Why Implement SLOs?
Understand how SLOs can help your organisation.
To understand the advantages of SLOs and how you can leverage them within your organization, it makes sense to first look at more traditional approaches to operations.
In many organizations today, failures are either detected when users report on an issue they are experiencing and start opening support tickets or, in case you have a monitoring system in place, when some operational threshold is breached. A major problem of these traditional approaches is the inability to understand the severity of an issue from a user’s perspective. A single support ticket doesn’t let you know how localized, or how broad an issue might be and traditional operational alerting correlates very poorly to actual user experience. This usually leads to wasted engineering resources, burned out on-call teams and fruitless operational work that didn’t actually solve a real problem for your customers.

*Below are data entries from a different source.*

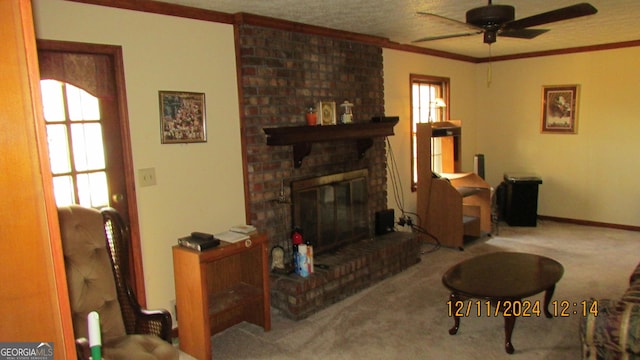 living room with ceiling fan, a fireplace, carpet floors, and a healthy amount of sunlight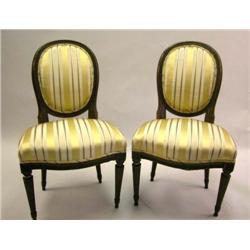 A PAIR OF LOUIS XVI CARVED WALNUT CHAISES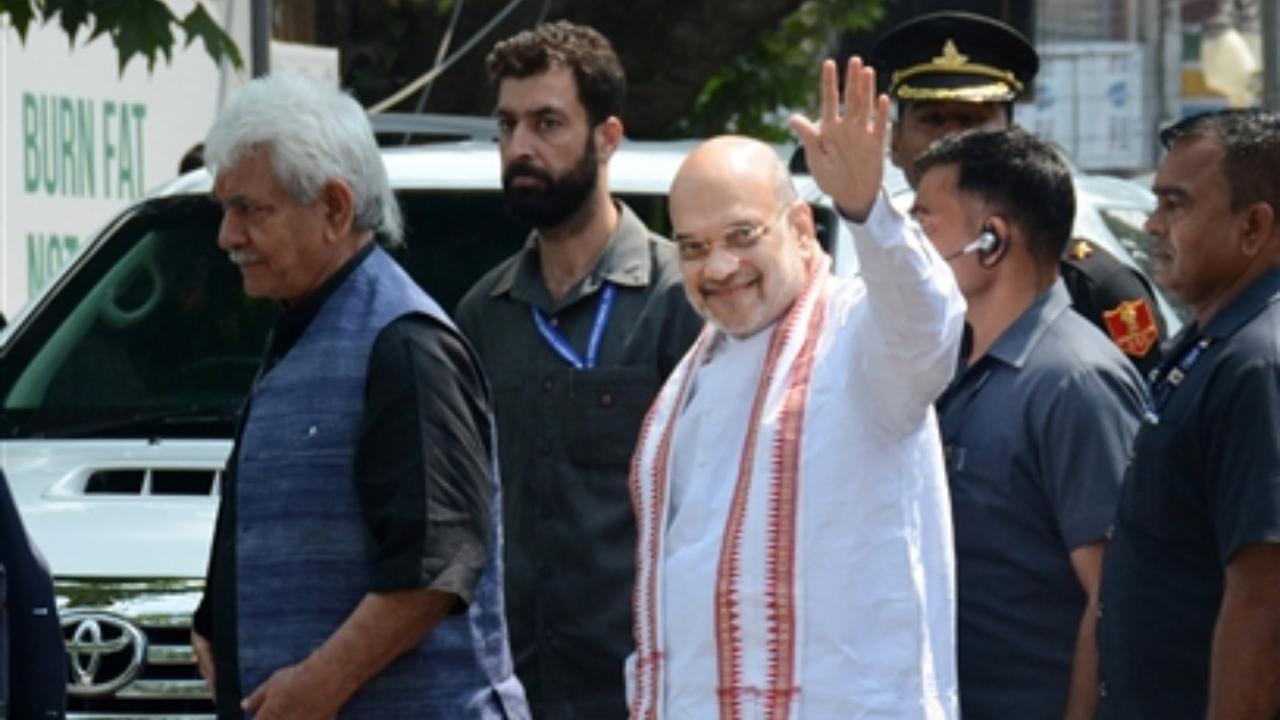 Union Home Minister Amit Shah arrives to lay the foundation stone of 'Balidan Stambh' at Pratap Park (Pic/PTI)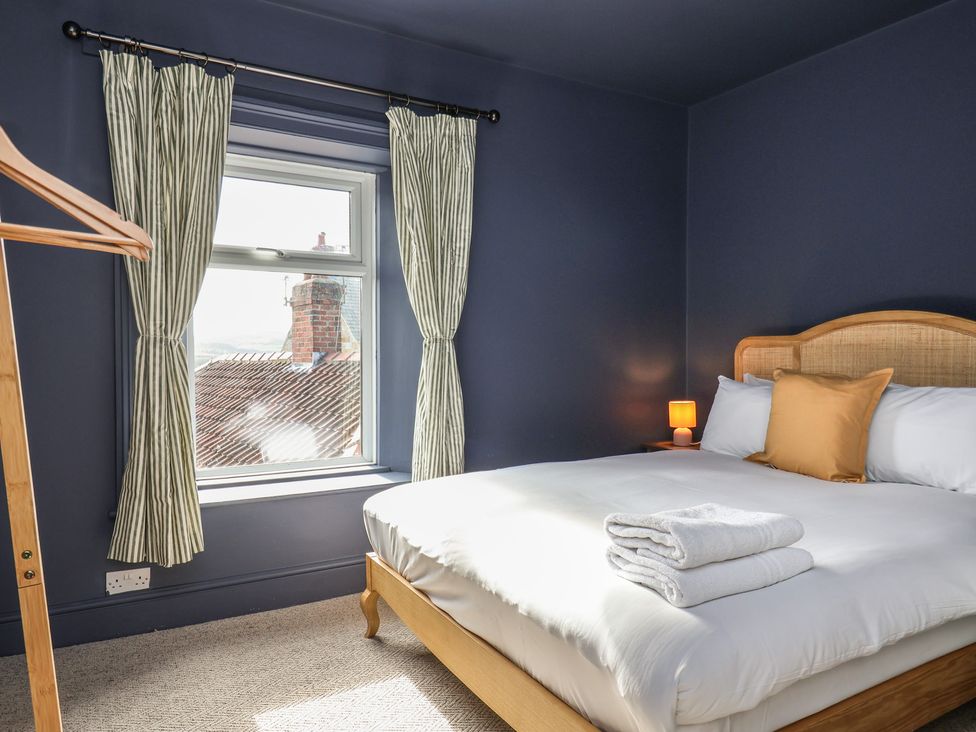 A bedroom with a bed and a window at Mulgrave House in Hinderwell near Staithes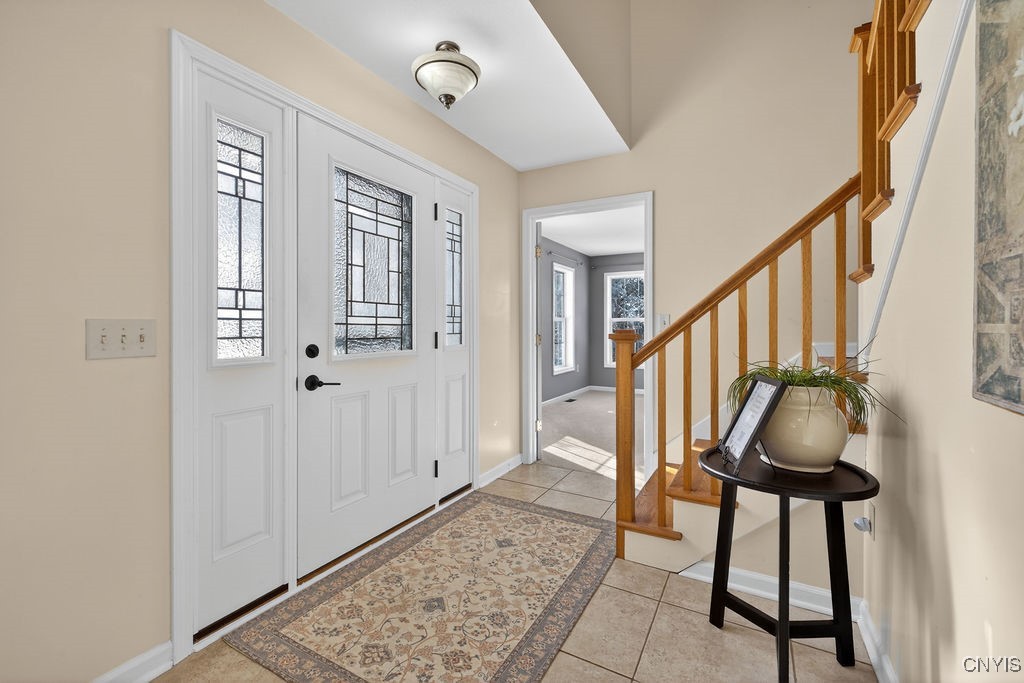 4326 Chilmark Street Marcellus, NY 13108 - Photo 7 of 49 Nice foyer with tile flooring throughout the hallw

SLOs argue that monitoring should be done from the point of view of how your users are experiencing your product. Executive and development teams come to an agreement on the desired performance level of an application based on how they want clients to experience their products. From this consensus, insightful SLOs can be created that accurately tie service performance to actual business goals. In this way SLOs, can help create a shared understanding between all product stakeholders about reliability and help turn long, drawn out conversations about roadmaps and prioritization into data-driven decisions.
Very importantly, SLOs also introduce the concept of error budgets, a quantitative measure of how unreliable your services are allowed to be before they start significantly impacting the customer's experience. Error budgets help teams strike a balance between reliability and development velocity and can drive short term operational response as well as long term prioritization. They also empower teams to take more ownership of the code they are shiping by providing a way for them to autonomously manage the risk of releasing new features.